_Data in this exercise_
Segment Open

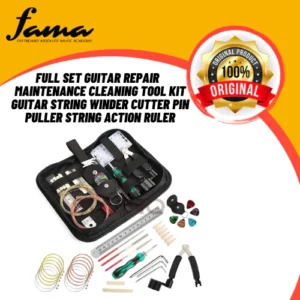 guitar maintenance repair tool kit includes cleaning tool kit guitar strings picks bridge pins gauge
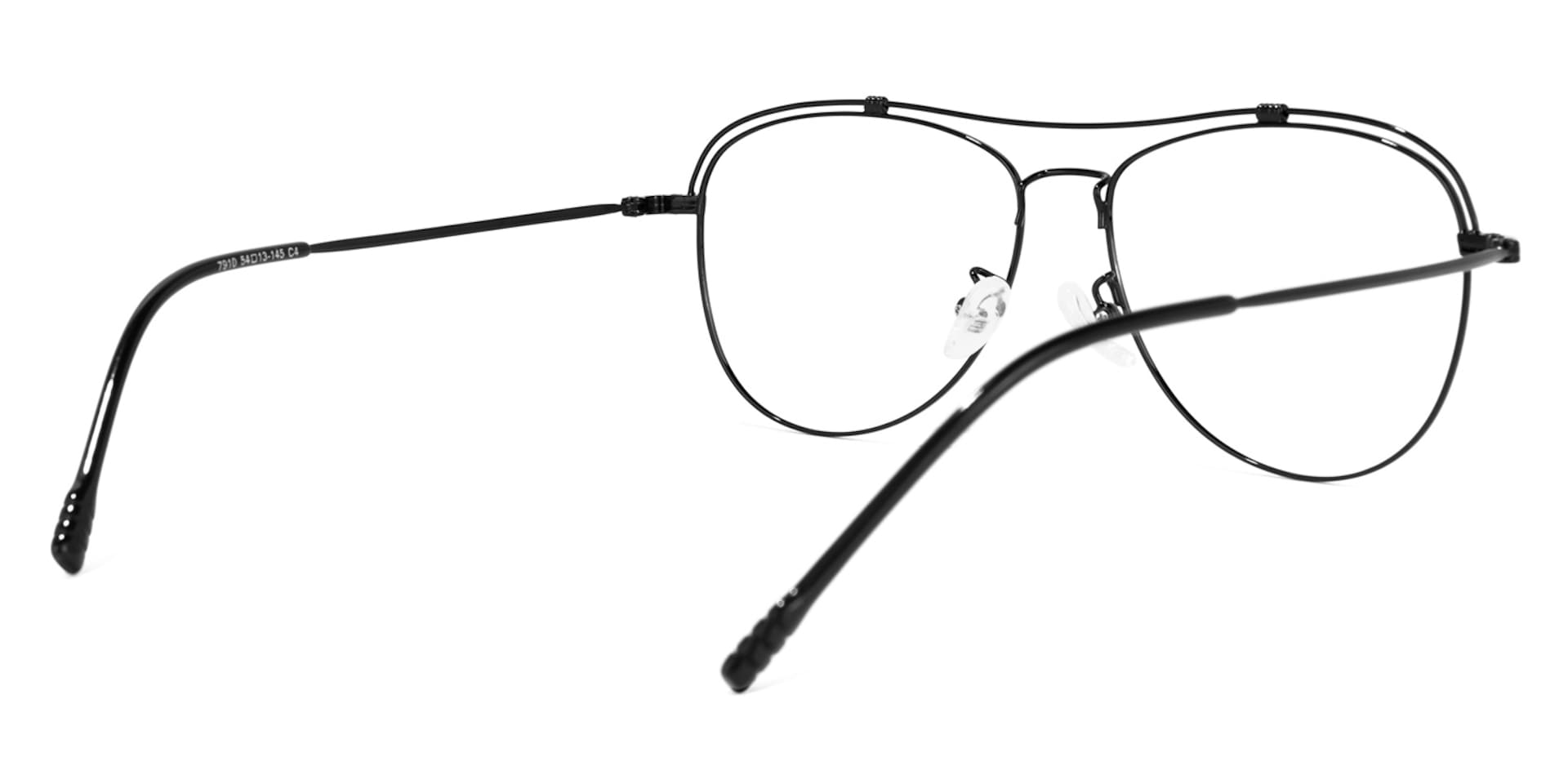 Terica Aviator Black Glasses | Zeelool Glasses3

Segment Closed
Segment Open

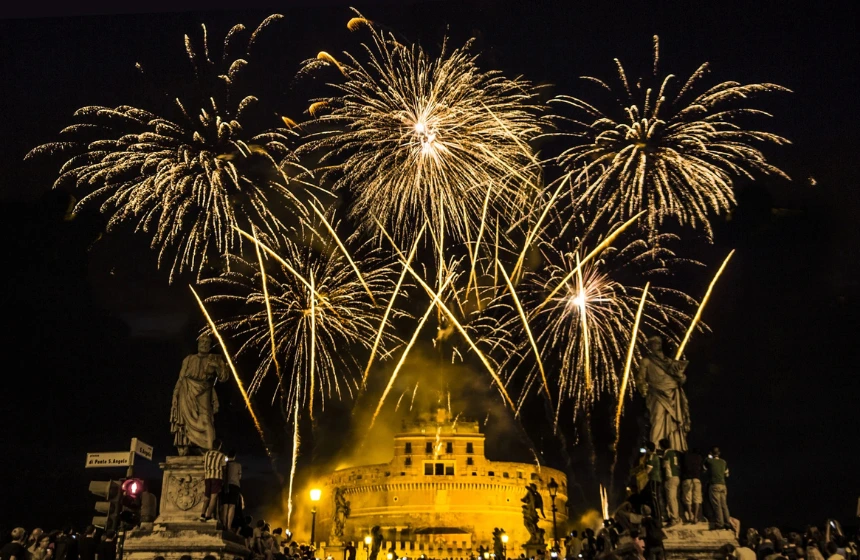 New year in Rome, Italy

Segment Closed

_Problem details_
Copy word for word the lines of the records above from the one with "guitar maintenance repair" up to and including the one with "Terica Aviator Black". Skip the pictures.

_Response to the exercise_
 guitar maintenance repair tool kit includes cleaning tool kit guitar strings picks bridge pins gauge
 Terica Aviator Black Glasses | Zeelool Glasses3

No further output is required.